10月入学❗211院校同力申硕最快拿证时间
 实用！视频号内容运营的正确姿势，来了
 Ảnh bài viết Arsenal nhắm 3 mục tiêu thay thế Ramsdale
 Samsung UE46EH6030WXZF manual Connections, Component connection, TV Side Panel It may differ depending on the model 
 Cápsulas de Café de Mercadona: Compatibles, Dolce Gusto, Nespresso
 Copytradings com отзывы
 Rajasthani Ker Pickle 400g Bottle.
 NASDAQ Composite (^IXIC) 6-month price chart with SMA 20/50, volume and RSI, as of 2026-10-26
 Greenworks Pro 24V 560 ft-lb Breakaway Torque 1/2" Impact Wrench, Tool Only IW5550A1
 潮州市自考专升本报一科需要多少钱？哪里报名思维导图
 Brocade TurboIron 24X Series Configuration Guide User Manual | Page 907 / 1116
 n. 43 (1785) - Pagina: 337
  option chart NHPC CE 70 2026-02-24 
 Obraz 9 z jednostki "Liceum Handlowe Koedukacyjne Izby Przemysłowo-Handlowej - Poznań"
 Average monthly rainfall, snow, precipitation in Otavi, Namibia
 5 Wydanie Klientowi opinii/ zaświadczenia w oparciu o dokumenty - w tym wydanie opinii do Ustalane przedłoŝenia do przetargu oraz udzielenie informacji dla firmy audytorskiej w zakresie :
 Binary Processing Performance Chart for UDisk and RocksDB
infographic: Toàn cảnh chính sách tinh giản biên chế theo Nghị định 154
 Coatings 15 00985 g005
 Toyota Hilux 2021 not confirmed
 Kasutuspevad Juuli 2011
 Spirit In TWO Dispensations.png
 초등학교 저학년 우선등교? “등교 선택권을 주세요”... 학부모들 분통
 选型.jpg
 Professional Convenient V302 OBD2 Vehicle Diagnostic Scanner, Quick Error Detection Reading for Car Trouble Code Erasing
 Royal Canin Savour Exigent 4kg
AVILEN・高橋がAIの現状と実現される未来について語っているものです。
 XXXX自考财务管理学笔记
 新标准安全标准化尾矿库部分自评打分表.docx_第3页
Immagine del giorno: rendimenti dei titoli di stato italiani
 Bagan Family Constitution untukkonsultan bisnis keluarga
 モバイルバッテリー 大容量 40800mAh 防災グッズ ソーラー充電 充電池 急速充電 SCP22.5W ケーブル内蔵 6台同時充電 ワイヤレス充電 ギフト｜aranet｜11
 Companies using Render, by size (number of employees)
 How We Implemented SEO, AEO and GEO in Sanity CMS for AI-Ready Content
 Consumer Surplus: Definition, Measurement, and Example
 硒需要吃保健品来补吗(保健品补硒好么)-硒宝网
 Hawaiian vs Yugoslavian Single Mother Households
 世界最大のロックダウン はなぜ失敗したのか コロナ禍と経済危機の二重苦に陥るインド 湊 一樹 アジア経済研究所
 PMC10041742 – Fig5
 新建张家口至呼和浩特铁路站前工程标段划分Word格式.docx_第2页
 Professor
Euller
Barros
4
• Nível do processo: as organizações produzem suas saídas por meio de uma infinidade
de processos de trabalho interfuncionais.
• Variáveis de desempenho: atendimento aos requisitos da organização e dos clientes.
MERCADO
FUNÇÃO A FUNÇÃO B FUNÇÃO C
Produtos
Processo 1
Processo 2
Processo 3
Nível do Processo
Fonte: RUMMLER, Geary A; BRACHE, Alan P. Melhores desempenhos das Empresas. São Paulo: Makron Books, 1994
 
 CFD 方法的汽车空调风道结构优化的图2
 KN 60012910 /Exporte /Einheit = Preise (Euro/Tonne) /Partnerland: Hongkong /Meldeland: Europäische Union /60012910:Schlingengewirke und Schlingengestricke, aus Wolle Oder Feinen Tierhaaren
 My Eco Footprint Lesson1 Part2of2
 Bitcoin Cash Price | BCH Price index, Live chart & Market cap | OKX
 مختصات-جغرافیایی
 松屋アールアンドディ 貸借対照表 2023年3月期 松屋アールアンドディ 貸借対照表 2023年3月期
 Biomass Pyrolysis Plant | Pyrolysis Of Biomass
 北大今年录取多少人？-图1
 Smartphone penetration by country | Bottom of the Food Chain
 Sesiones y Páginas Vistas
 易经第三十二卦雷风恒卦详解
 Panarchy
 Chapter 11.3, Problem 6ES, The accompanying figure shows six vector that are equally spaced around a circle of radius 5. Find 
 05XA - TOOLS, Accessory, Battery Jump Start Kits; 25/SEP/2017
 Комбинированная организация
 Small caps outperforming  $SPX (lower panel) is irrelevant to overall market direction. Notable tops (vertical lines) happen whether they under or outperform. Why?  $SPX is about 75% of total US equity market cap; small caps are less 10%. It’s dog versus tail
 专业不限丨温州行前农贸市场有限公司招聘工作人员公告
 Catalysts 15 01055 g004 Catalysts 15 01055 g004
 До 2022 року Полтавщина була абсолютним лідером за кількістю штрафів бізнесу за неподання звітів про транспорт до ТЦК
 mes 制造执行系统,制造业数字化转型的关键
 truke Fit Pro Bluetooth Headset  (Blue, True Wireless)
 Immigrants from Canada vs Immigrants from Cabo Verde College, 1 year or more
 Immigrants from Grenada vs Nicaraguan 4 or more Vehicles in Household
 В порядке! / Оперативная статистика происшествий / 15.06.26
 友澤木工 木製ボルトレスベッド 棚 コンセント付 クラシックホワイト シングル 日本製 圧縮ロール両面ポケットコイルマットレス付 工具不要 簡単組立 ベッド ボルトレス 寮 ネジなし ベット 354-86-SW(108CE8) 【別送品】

#### What you should do:
With the line holding "Greenworks Pro 24V" as the first and the line holding "Royal Canin Savour Exigent 4kg" as the last, set down that range of the entries above exactly, and nothing else.

#### Written response:
 Greenworks Pro 24V 560 ft-lb Breakaway Torque 1/2" Impact Wrench, Tool Only IW5550A1
 潮州市自考专升本报一科需要多少钱？哪里报名思维导图
 Brocade TurboIron 24X Series Configuration Guide User Manual | Page 907 / 1116
 n. 43 (1785) - Pagina: 337
  option chart NHPC CE 70 2026-02-24 
 Obraz 9 z jednostki "Liceum Handlowe Koedukacyjne Izby Przemysłowo-Handlowej - Poznań"
 Average monthly rainfall, snow, precipitation in Otavi, Namibia
 5 Wydanie Klientowi opinii/ zaświadczenia w oparciu o dokumenty - w tym wydanie opinii do Ustalane przedłoŝenia do przetargu oraz udzielenie informacji dla firmy audytorskiej w zakresie :
 Binary Processing Performance Chart for UDisk and RocksDB
infographic: Toàn cảnh chính sách tinh giản biên chế theo Nghị định 154
 Coatings 15 00985 g005
 Toyota Hilux 2021 not confirmed
 Kasutuspevad Juuli 2011
 Spirit In TWO Dispensations.png
 초등학교 저학년 우선등교? “등교 선택권을 주세요”... 학부모들 분통
 选型.jpg
 Professional Convenient V302 OBD2 Vehicle Diagnostic Scanner, Quick Error Detection Reading for Car Trouble Code Erasing
 Royal Canin Savour Exigent 4kg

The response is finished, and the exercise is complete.